Transfused product mix | Circulating blood | 1:1:1 | 1:1:1 + cryo-AHF | 1:1:-1 + IFC | 1:1:1 + fib con | WB | WB + cryo-AHF | WB + IFC | WB + fib con |
---|---|---|---|---|---|---|---|---|---|
Fibrinogen (g) | n/a | 18.1 | 27.3 | 37.3 | 35.3 | 18.5 | 26.5 | 36.5 | 34.5 |
Clauss fibrinogen (mg dL−1) | 280 (200–500) | 168 | 243 | 306 | 305 | 223 | 302 | 375 | 380 |
Platelets (count μL−1) | 236,000 | 75,949 | 73,710 | 69,606 | 72,289 | 207,018 | 200,000 | 187,302 | 195,580 |
vWF (IU mL−1) | 1.1 | 0.4 | 0.7 | 1.0 | 0.5 | 0.3 | 0.5 | 0.9 | 0.3 |
FXIII (U mL−1) | 1 | 0.8 | 1.0 | 1.2 | 1.0 | 0.9 | 1.0 | 1.2 | 1.0 |
FVIII (IU mL−1) | 1.2 | 0.4 | 0.6 | 0.6 | 0.4 | 0.4 | 0.6 | 0.6 | 0.4 |
Hematocrit | 36%–54% | 32% | 31% | 29% | 30% | 39% | 38% | 36% | 37% |
Hemoglobin (g dL−1) | 12–18 | 10.6 | 10.3 | 9.7 | 10.1 | 13.2 | 12.7 | 11.9 | 12.4 |
Plasma volume (%) | 50%–60% | 41% | 45% | 47% | 42% | 48% | 50% | 52% | 46% |
Citrate (g) | 0 | 29.6 | 32.8 | 35.8 | 31.4 | 43.7 | 45.2 | 48.1 | 43.7 |
Citrate (g/L) | 0 | 1.9 | 2.0 | 2.1 | 1.9 | 3.2 | 3.2 | 3.2 | 3.0 |
Anticoagulant and additive solution (%) | 0 | 27% | 24% | 24% | 28% | 12% | 12% | 12% | 17% |
Volume (L) | 4.5–5.7 | 15.8 | 16.3 | 17.2 | 16.6 | 13.7 | 14.2 | 15.1 | 14.5 |
Hematocrit: All model strategies using a base of 1:1:1 fall below the lower end of normal, 36%, for hematocrit. All strategies using a base of WB are either at, or above, 36% hematocrit.

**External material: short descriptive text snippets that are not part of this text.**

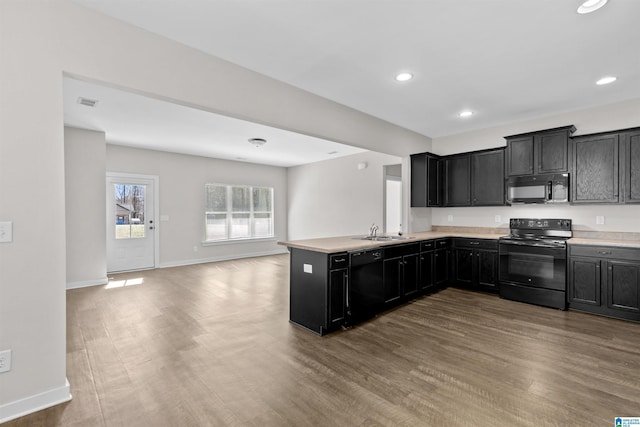 kitchen featuring sink, wood-type flooring, black appliances, and kitchen peninsula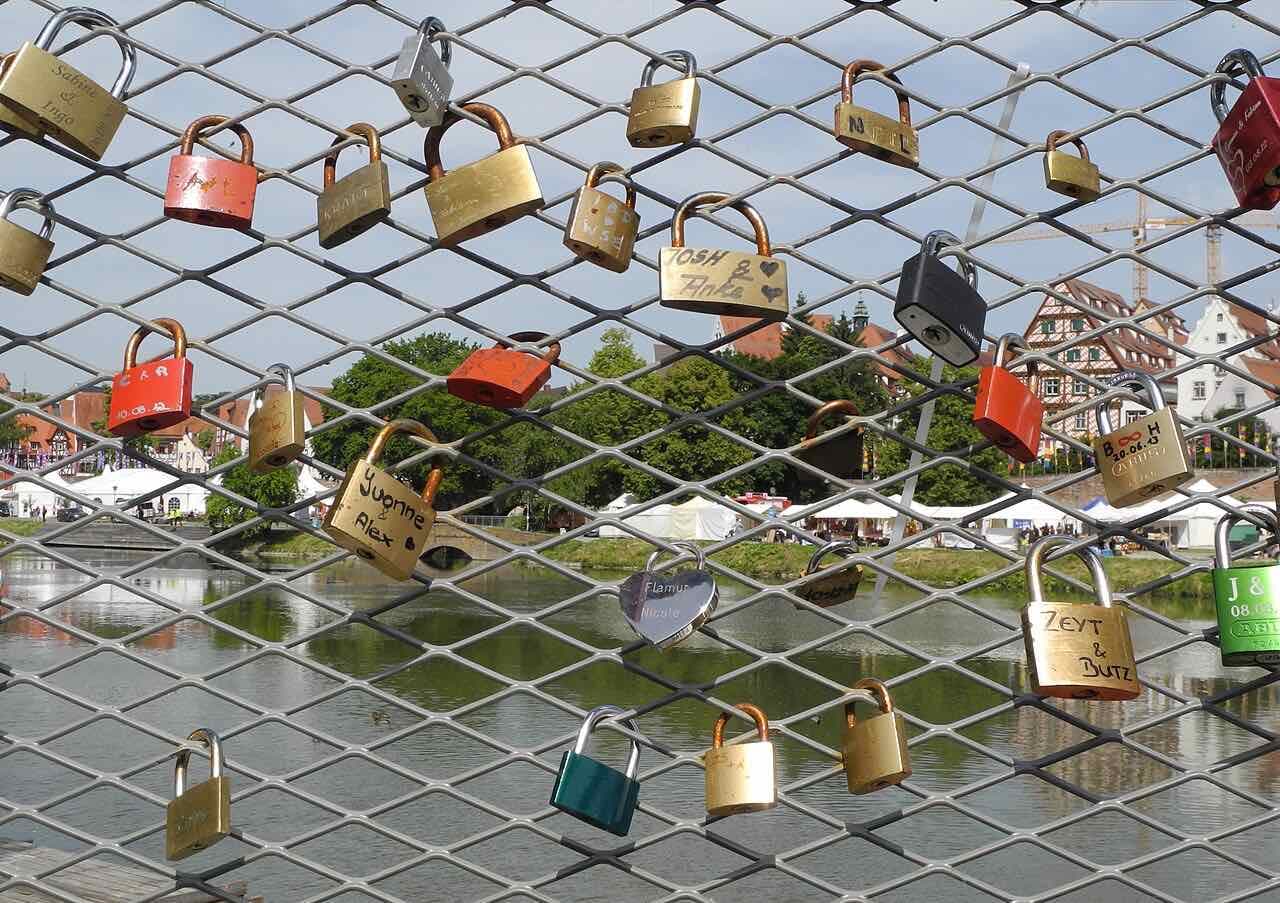 Colourful padlocks on a wire-mesh railing at the Jahnufer in Neu-Ulm, with the riverbank and buildings of Ulm behind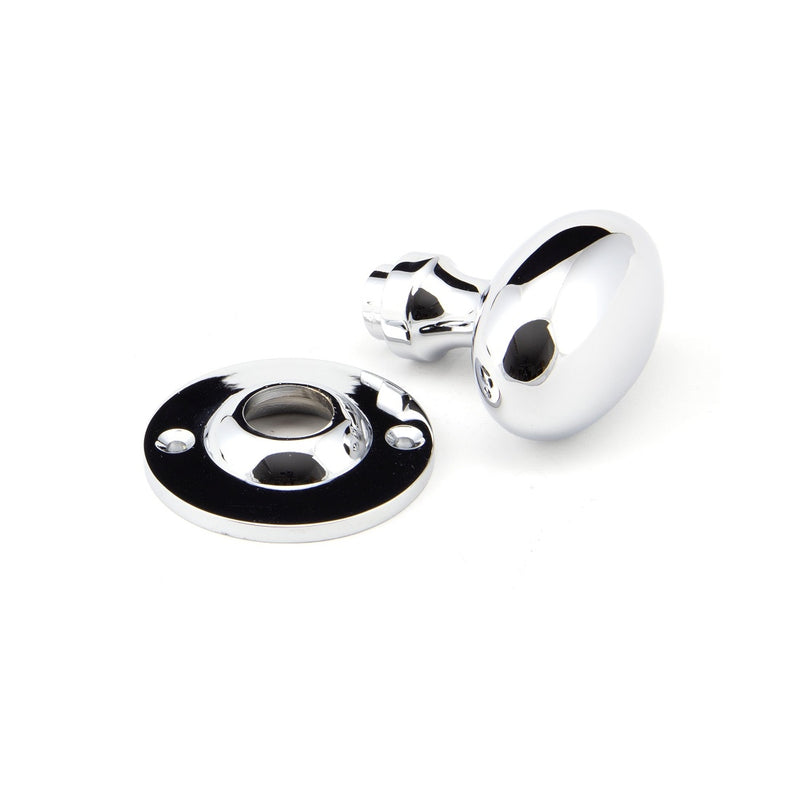 From The Anvil Oval Knob Handles on Round Rose - Polished Chrome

Platelet count: All model strategies provide either an apheresis unit of platelets or WB, with associated platelets, in each round. With this approach, all strategies are above 50,000 platelet μL−150; however, the only strategies that provide platelets above the threshold used to define thrombocytopenia in patients (<150,000 platelet μL−1) are WB based (Table 2).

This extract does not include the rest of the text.